Awarded the Individual Award for Major Contributor to the Arts, Wilson will join previous honorees like Rudolfo Anaya, Denise Chavez, Georgia O'Keeffe, Ramon Jose Lopez, N. Scott Momaday, Luis Jimenez, Max Evans, Eliseo and Paula Rodriguez, Maria Benitez, Dan Namingha and John Crosby.

For 22 years, Wilson ran the Muddy Wheel Gallery, an Albuquerque landmark on Fourth Street Nothwest. It's now on Candelaria Road just west of Valley High. Over that period of time, Wilson's work - pottery and sculpture of every size - has found its way to more display areas in Albuquerque homes than can be counted.

Many of those owners will be in attendance Saturday in Santa Fe.

Born in Chicago, Wilson spent his early years in Indiana before his mother married a military man and moved the family to Victorville, Calif.

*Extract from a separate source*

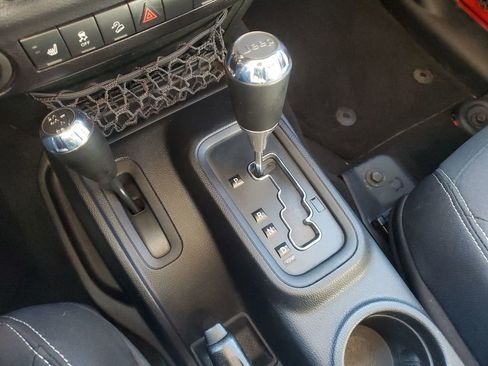 Used 2015 Jeep Wrangler Unlimited Sahara w/ Connectivity Group image 16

The pull for art came early, but there were limited opportunities for black people who wanted to be artists.

Wilson's dream was to attend the University of Southern California, which had a stellar pottery program. Fate had another calling. A much bigger one.

An excellent student and high school athlete, he was recruited by LaVerne College in Pomona, Calif. where officials wanted to integrate the college but needed their own Jackie Robinson to do so.

Wilson was the first black person to attend.

"It's something like 60 percent black now," he says. "I'm very proud to be a part of that."

Art studies at Cal State and graduate work at Fresno State followed, where he learned to mix clay with his bare feet and his own distinctive glazes, a signature style that carries on to this day.

A stint in the Air Force followed, and then things started to get more interesting. Entrepreneurial and ambitious, Wilson opened his own gallery in Los Angeles, a massive space where he taught upward of 300 students a month with the help of more than 20 apprentices. Two of the apprentices from those years are coming to the ceremony as well.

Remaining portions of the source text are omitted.